◆ Excerpted data:
----------

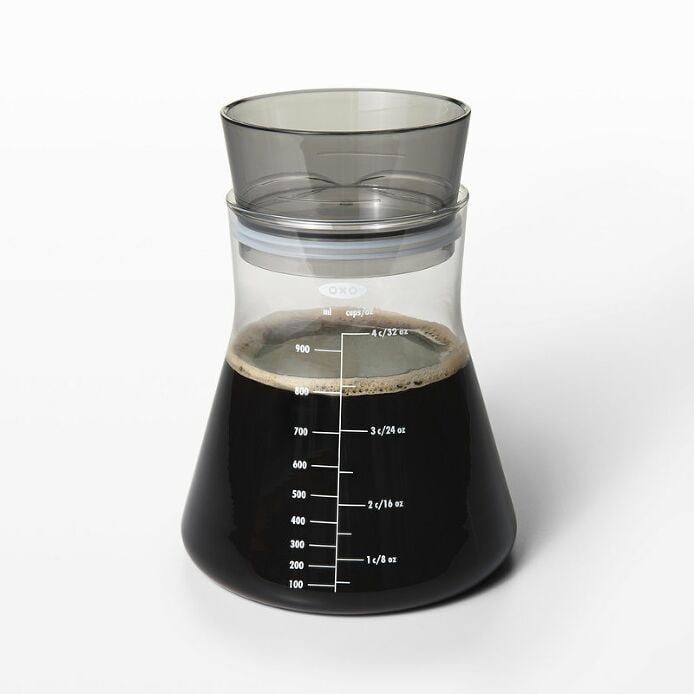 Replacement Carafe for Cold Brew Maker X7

----------

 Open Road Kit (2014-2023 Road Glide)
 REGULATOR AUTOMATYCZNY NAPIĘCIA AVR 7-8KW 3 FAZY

----------

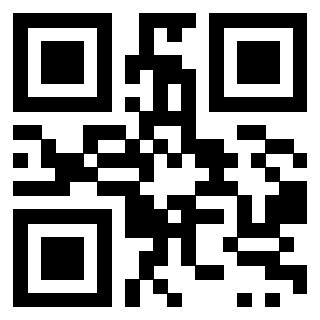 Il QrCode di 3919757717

----------

◆ The problem: From the records above, print only the lines between the one holding "Open Road Kit (2014-2023 Road Glide)" and the one holding "REGULATOR AUTOMATYCZNY NAPIĘCIA", inclusive, exactly as they stand.

◆ Solution to this exercise:
 Open Road Kit (2014-2023 Road Glide)
 REGULATOR AUTOMATYCZNY NAPIĘCIA AVR 7-8KW 3 FAZY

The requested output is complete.